**WORK ORDER**
A full and exact copy of the listing that follows is needed.

**SUPPLIED MATERIAL**
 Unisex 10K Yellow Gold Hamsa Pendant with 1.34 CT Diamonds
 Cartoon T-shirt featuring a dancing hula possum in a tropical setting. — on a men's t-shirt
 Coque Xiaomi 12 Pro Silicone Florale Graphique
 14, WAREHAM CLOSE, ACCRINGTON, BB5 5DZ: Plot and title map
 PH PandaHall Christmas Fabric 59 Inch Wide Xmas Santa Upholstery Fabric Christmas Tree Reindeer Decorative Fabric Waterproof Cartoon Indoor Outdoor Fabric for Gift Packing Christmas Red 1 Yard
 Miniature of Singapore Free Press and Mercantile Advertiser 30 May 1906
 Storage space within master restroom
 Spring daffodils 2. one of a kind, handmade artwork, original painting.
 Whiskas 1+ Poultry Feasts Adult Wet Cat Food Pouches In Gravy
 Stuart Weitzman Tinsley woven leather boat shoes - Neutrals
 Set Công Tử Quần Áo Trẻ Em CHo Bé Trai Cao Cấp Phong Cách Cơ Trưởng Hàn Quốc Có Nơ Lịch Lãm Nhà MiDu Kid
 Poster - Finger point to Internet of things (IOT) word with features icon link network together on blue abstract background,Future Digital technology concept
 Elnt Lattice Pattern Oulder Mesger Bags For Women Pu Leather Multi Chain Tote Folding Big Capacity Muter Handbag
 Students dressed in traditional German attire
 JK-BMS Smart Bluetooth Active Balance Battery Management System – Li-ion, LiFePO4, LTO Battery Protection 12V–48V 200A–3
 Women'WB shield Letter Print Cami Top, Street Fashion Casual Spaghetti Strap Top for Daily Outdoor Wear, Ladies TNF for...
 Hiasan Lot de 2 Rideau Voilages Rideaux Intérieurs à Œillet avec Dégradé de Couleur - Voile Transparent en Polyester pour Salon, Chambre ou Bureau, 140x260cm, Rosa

**ANSWER AREA**
 Unisex 10K Yellow Gold Hamsa Pendant with 1.34 CT Diamonds
 Cartoon T-shirt featuring a dancing hula possum in a tropical setting. — on a men's t-shirt
 Coque Xiaomi 12 Pro Silicone Florale Graphique
 14, WAREHAM CLOSE, ACCRINGTON, BB5 5DZ: Plot and title map
 PH PandaHall Christmas Fabric 59 Inch Wide Xmas Santa Upholstery Fabric Christmas Tree Reindeer Decorative Fabric Waterproof Cartoon Indoor Outdoor Fabric for Gift Packing Christmas Red 1 Yard
 Miniature of Singapore Free Press and Mercantile Advertiser 30 May 1906
 Storage space within master restroom
 Spring daffodils 2. one of a kind, handmade artwork, original painting.
 Whiskas 1+ Poultry Feasts Adult Wet Cat Food Pouches In Gravy
 Stuart Weitzman Tinsley woven leather boat shoes - Neutrals
 Set Công Tử Quần Áo Trẻ Em CHo Bé Trai Cao Cấp Phong Cách Cơ Trưởng Hàn Quốc Có Nơ Lịch Lãm Nhà MiDu Kid
 Poster - Finger point to Internet of things (IOT) word with features icon link network together on blue abstract background,Future Digital technology concept
 Elnt Lattice Pattern Oulder Mesger Bags For Women Pu Leather Multi Chain Tote Folding Big Capacity Muter Handbag
 Students dressed in traditional German attire
 JK-BMS Smart Bluetooth Active Balance Battery Management System – Li-ion, LiFePO4, LTO Battery Protection 12V–48V 200A–3
 Women'WB shield Letter Print Cami Top, Street Fashion Casual Spaghetti Strap Top for Daily Outdoor Wear, Ladies TNF for...
 Hiasan Lot de 2 Rideau Voilages Rideaux Intérieurs à Œillet avec Dégradé de Couleur - Voile Transparent en Polyester pour Salon, Chambre ou Bureau, 140x260cm, Rosa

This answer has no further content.